Using the data below, transcribe exactly everything from the line that contains "Mark Allenbach at" down to the line that contains "Lets-leave-pitching-behind". Include both of those lines and none of the pictures.

*** Opening Record set ***

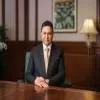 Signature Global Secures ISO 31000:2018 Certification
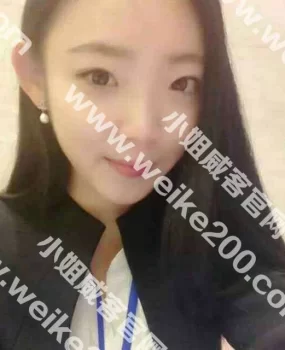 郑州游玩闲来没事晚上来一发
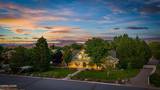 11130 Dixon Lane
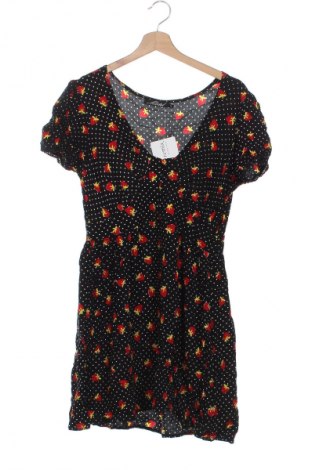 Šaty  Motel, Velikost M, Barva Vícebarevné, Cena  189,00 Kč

*** Closing Record set ***
*** Opening Record set ***

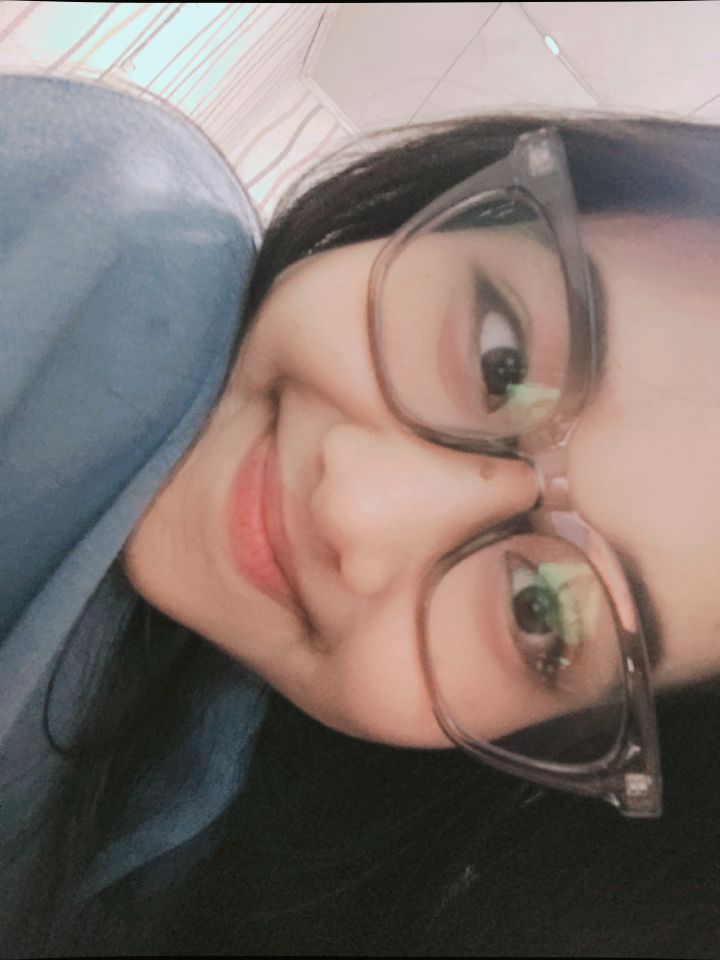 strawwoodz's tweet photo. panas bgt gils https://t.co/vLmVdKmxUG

*** Closing Record set ***
*** Opening Record set ***

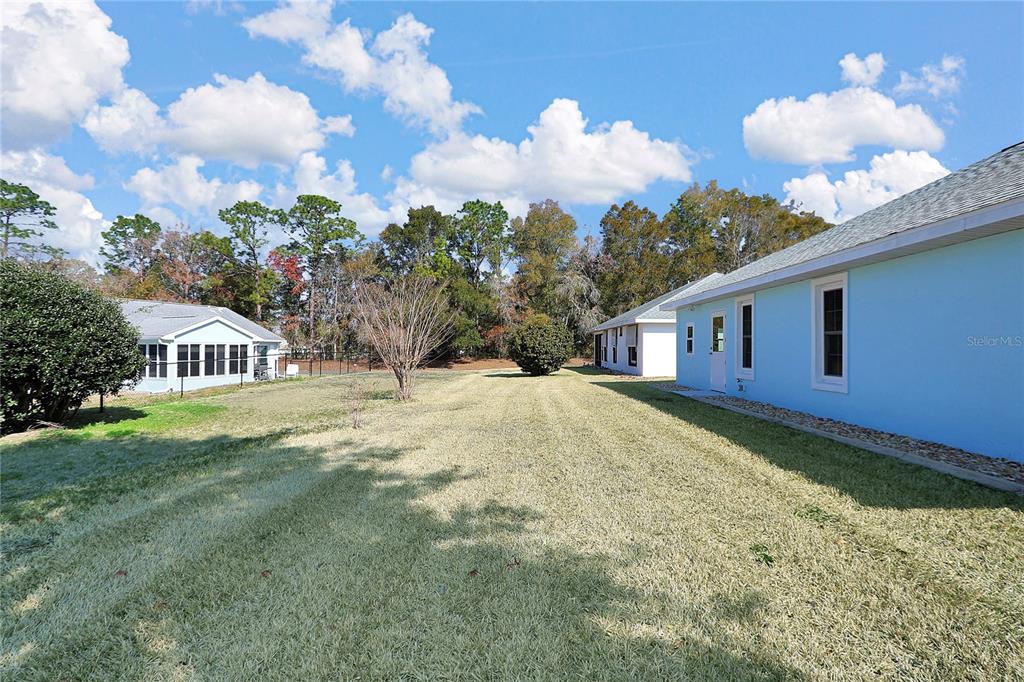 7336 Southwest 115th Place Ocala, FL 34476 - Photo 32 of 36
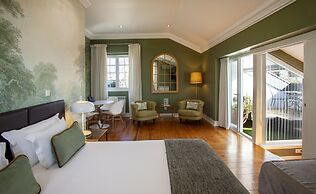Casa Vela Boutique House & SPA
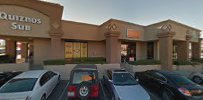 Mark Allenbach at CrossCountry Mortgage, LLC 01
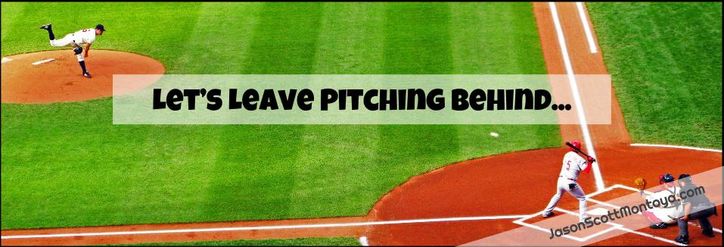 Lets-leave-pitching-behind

*** Closing Record set ***

▶ [Response below]
 Mark Allenbach at CrossCountry Mortgage, LLC 01
 Lets-leave-pitching-behind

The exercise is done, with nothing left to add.